AWS Redshift is a popular data warehousing solution that enables businesses to store and analyze large volumes of data. In this blog, we will provide a brief overview of AWS Redshift as a data warehouse and discuss how to prepare Redshift for ETL (Extract, Transform, Load) using AWS Glue, a powerful data integration service.

AWS Redshift is designed for handling analytical workloads and offers several key features:

  • Scalability: Redshift allows you to scale your cluster up or down to accommodate changing data needs.
  • Columnar Storage: Data is stored in a columnar format, which enables faster query performance and efficient compression.
  • Massively Parallel Processing (MPP): Redshift leverages parallel processing across multiple nodes to execute queries in a highly efficient manner.
  • Advanced Query Optimization: Redshift’s query optimizer generates optimized query plans to improve performance based on data distribution, sort keys, and compression encoding.

AWS Glue and AWS Redshift are complementary services for data warehousing, therefore AWS Glue can be used as the ETL tool for RedShift. AWS Glue simplifies and automates the ETL process, preparing data for analysis and loading it into data warehouses like AWS Redshift. Here’s why they are used together:

  • Data Integration and Transformation: AWS Glue’s ETL capabilities make it easier to integrate and transform data from various sources into a format suitable for analysis in AWS Redshift.
  • Simplified Data Management: AWS Glue’s data catalog and metadata capabilities complement AWS Redshift’s data management capabilities. The centralized catalog provides a comprehensive view of data assets and management in the data warehousing environment.
  • End-to-End Data Pipelines: AWS Glue’s integration with AWS services allows for building end-to-end data pipelines that cover data extraction, transformation, loading, and analysis in AWS Redshift. This enables a streamlined and automated workflow for data warehousing and analytics.

AWS Glue Studio

AWS Glue Studio is a graphical interface that makes it easy to create, run, and monitor data integration jobs in AWS Glue. AWS Glue will visually compose data transformation workflows and seamlessly run them on the Apache Spark–based serverless ETL engine in AWS Glue.

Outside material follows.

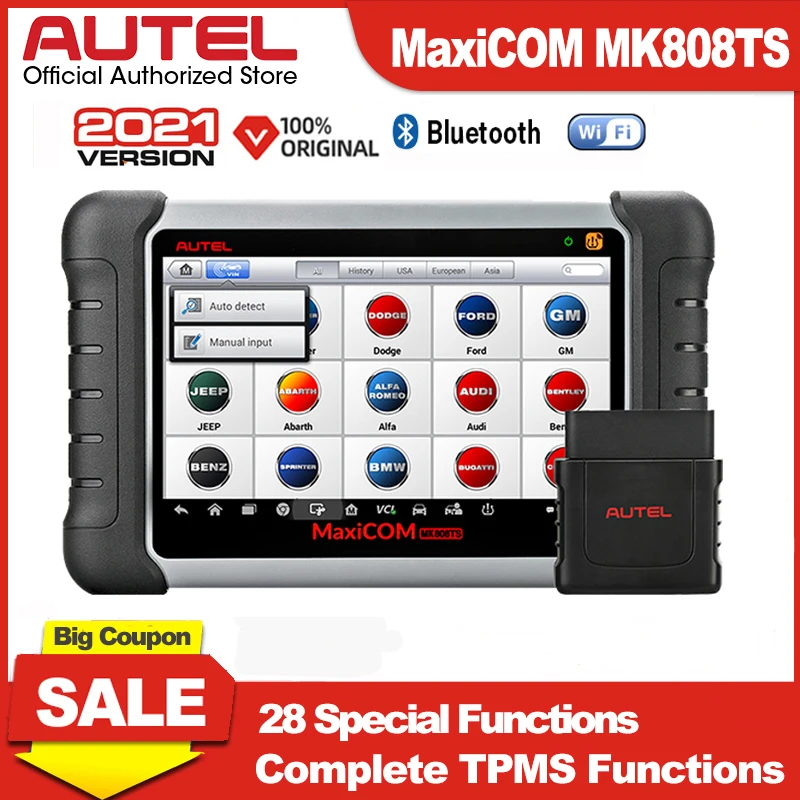 Autel MaxiCOM MK808TS OBD2 Scanner Automotivo Diagnostic Tools OBD 2 Car Scan Tool Oil Reset/EPB/BMS/SAS/DPF/IMMO/TPMS | Автомобили и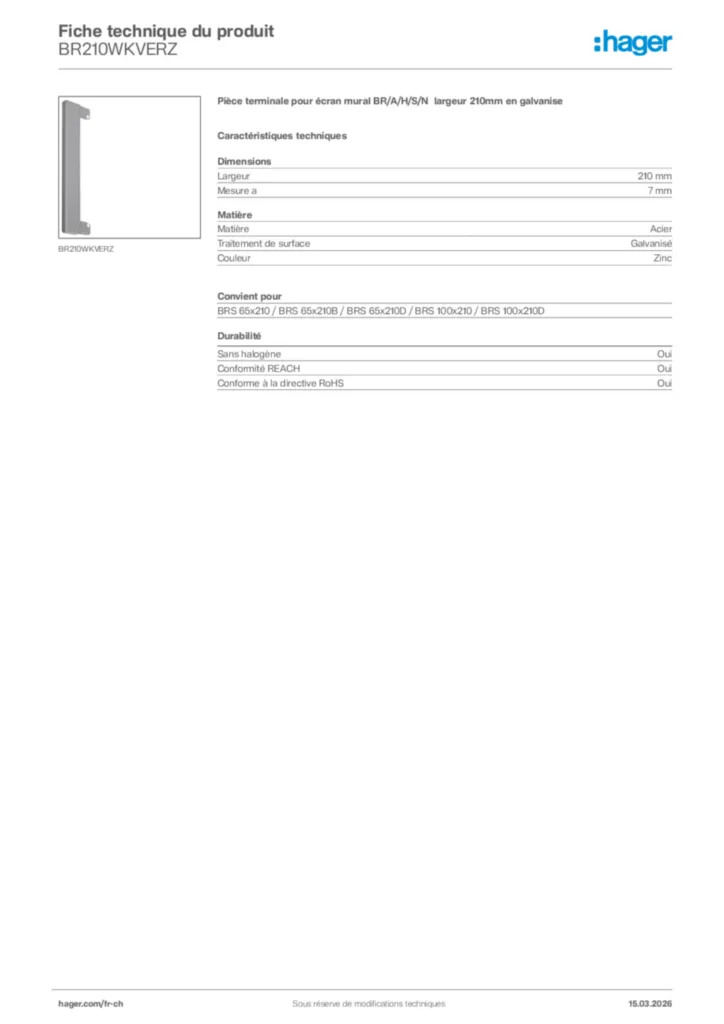 Image Hager Fiche technique du produit BR210WKVERZ | Hager Suisse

With AWS Glue Studio, you can create and manage jobs that gather, transform, and clean data. This step makes the service more accessible for complex tasks, such as data processing, without advanced technical skills such as code generation or editing.

Setup Prerequisites

Make sure you have an AWS account with the necessary permissions to create and manage Glue and Redshift resources.

  1. An AWS Account

2. Required Access for the below:

  • Amazon S3 Access
  • Amazon RDS Access
  • Amazon RedShift Access

3. Create the IAM roles for AWS Glue to access and interact with other AWS services.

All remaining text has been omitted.